I went outside to the porch to get some air and I see a rocket landing in the street near me. No siren had preceded it. I saw the explosion, the fire and the screams that came after. Another rocket hit a neighboring home. That night, there were seven direct hits on homes in Sderot. They injured a number of people and killed one little boy. The little boy was in his protected room but was killed nonetheless.

It’s so, so very sad.

And hard to process.

I walk over to Amalia and kiss her. I feel the fear on her, on us, on all of the people I know and love. I feel the awful suffering of so many people on both sides of the fence.

Thursday morning was rough, We had planned all kinds of educational activities in the shelters throughout the city, but the whole city was in mourning after the previous night. In Shaar Hanegev, they want to send as many people as possible outside the area.

Around noon, a government minister comes to visit and wants to hear about what we’re doing. Every hour here feels like a week and there’s so much to tell and so much more to do. We told him about our activities in the city and about the situation right now. “I have no idea how other cities are managing without people like you,” said the deputy mayor to conclude the meeting.

In the afternoon I return home. Tomorrow is Shabbat, with very little activity planned. I asked myself – what should I do now? Should I stay? Is it good to be here now?

I talk to my mom who lives in Ramle and she tells me how she got stuck in her car within sight of a violent demonstration in the city which stopped traffic. They had seen demonstrators throw stones, stop cars and beat people up. It took her a few hours to get home.

Talking with friends in other educators’ kibbutzim in other places in the country, I heard about terrible experiences of other kinds – an attempted lynch near our building in Akko, fires set on the fence of Eshbal, riots in the streets…

“I won’t be quiet about my country changing its face,” goes the song by Ehud Manor. But what can I say? Where is there to go now? What should I do when my land is burning?

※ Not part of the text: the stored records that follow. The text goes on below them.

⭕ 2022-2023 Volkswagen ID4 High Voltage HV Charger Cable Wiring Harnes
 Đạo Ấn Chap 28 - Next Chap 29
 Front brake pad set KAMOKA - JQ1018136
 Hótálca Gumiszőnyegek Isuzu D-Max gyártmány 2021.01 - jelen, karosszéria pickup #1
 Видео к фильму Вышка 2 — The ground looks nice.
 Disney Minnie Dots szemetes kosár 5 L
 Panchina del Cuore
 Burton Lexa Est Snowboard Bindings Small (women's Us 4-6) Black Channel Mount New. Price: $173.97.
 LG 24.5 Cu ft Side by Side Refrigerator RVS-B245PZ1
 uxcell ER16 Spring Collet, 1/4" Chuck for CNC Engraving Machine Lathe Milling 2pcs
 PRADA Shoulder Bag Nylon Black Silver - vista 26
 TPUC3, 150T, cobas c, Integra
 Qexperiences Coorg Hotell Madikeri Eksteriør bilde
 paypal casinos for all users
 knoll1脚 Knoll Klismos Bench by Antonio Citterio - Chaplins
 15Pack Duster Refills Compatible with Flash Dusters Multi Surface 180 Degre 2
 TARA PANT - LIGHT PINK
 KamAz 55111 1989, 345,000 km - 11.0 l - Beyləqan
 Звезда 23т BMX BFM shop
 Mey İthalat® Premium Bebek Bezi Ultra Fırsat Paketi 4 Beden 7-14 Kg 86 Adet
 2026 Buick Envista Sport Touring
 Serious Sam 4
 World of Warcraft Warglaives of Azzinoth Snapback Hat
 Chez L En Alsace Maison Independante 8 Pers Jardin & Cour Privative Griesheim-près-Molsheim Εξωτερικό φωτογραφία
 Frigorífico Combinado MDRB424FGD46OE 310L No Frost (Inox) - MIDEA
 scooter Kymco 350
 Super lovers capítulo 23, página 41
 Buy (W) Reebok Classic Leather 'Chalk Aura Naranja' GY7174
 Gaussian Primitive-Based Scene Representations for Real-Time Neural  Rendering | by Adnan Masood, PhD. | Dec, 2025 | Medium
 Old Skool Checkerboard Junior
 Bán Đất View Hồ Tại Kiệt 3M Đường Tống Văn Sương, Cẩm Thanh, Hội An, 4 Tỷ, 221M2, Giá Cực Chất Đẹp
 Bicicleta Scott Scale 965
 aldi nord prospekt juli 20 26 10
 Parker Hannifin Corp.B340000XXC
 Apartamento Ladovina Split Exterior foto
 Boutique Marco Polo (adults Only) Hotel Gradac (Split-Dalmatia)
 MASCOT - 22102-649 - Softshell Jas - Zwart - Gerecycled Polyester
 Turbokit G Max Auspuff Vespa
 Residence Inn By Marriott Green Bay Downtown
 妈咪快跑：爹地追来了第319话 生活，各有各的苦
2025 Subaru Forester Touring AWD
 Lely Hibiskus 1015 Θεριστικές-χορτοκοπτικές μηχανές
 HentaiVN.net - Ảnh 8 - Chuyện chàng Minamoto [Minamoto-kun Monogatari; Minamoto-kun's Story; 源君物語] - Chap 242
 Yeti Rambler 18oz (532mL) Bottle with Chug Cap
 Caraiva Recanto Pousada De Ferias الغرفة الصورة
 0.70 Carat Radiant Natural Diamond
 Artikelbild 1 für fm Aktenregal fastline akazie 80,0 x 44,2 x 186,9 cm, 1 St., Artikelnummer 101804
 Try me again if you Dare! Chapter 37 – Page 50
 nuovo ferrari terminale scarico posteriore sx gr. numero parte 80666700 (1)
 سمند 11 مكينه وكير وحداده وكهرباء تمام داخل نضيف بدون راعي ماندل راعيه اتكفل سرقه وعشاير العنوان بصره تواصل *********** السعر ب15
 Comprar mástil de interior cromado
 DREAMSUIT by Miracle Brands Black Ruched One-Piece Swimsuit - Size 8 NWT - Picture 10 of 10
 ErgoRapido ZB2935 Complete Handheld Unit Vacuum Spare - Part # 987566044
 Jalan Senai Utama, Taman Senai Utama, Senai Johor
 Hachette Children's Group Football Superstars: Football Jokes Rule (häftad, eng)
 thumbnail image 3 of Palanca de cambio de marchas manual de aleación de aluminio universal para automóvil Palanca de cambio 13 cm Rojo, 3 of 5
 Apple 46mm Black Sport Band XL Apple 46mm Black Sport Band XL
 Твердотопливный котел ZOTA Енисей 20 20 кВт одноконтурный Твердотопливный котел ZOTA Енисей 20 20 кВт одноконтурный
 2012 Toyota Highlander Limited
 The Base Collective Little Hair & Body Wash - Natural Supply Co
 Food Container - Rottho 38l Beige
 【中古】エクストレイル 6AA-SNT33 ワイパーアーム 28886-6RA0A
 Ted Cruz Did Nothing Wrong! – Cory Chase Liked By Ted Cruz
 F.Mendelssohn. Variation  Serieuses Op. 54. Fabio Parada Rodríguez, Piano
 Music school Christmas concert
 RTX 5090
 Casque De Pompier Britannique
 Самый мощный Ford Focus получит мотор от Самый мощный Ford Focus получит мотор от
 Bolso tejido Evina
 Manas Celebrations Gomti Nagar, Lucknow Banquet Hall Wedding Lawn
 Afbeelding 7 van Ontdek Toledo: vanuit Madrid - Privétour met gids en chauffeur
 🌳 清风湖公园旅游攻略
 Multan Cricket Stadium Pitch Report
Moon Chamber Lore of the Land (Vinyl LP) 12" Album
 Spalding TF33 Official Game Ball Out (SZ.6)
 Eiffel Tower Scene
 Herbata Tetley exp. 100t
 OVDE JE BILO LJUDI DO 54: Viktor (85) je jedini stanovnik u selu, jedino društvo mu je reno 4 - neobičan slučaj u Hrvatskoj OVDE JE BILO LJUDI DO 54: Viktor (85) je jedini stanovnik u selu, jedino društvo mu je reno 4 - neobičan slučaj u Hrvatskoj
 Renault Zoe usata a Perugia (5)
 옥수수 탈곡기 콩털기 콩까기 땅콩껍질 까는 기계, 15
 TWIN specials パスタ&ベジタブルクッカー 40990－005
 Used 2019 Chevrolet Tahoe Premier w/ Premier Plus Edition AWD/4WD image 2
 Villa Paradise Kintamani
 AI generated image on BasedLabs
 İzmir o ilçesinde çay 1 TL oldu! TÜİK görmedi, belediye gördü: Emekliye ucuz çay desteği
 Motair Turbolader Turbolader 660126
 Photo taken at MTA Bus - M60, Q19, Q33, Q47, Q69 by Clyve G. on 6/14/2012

We decided that it would be a good idea after all to take a short trip to recharge and come back with renewed strength for the coming days.

Before leaving, we debated what to do about the soldiers staying on our roof. “Dear neighbors,” we wrote to the building’s Whatsapp group, “For the last few days, we have been hosting the soldiers on our roof. We are going away for the weekend and wanted to see if anyone else could help take care of them while we’re gone. Hoping for a quick return to normal, Rinat from the 10th floor.” Not even three minutes passed and we already had a number of messages from our neighbors in the building. I divided up the soldiers between three families and we set out northwards.

Over the weekend, we received many amazing offers to stay with people, and everyone wanted us to stay for just a few more days away from the fighting, and that it was just too dangerous to go be there. We again debated what we should do….

Alongside all of the violence, rioting and schisms during these times, I also saw beautiful decisions people made which demonstrated solidarity and concern for those around them.

AD Gordon wrote, “There can be no victory of the light over the darkness unless we uphold one simple truth, that instead of fighting the darkness we need to increase the light.”


Despite the fear, we decided to return home, with so much educational work ahead of us.


Wishing everyone peaceful days, and for us to never lose hope.